While largely repeating the daily propaganda in state-controlled media, Kim's words will be pored over by analysts for hints about the country's intentions for the coming year. There is little public information about the inner workings and policy goals of North Korea's government, which considers democratic South Korea and its ally the United States its enemies and is pursuing a long-range missile that could carry a nuclear warhead to America's mainland.
Some observers had predicted that Kim would avoid overly provocative statements because the county wants to improve relations with South Korea and also China, its most important economic and strategic ally. Ties between North Korea and China have been cool since Kim took power in 2011, but seemed to improve when a senior Chinese official attended a high-profile military parade in Pyongyang in October.
Kim said he was open to talks with anyone truly interested in "reconciliation and peace" on the Korean Peninsula, and ready to "aggressively" work to improve ties with the South. But a far larger part of his speech on North Korea's state TV was devoted to criticism of Seoul's approach to inter-Korean talks and its alliance with Washington.
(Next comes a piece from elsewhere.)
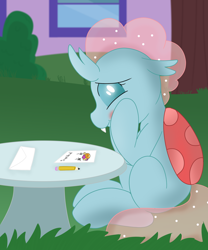 Size: 2550x3067 | Tagged: safe, artist:skyflys, ocellus, smolder, changedling, changeling, blushing, cute, cute little fangs, diaocelles, drawing, envelope, fangs, female, lesbian, note, school of friendship, shipping, sitting, smolcellus, solo, teenager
He vowed to improve North Korea's struggling economy and living standards, and also called for the military to advance its technologies to develop more "diversified attack means."
Analysts say Kim likely wants a push for tangible diplomatic and economic achievements before a convention of the ruling Workers' Party in May, the party's first since 1980, when he is widely expected to announce major state policies and shake up the country's political elite to strengthen his position.
The rival Koreas have shown mixed progress in reconciliation efforts since stepping away from a military standoff in August, which started when land mine explosions that Seoul blamed on Pyongyang maimed two South Korean soldiers. The countries ended rare high-level talks last month with no breakthroughs.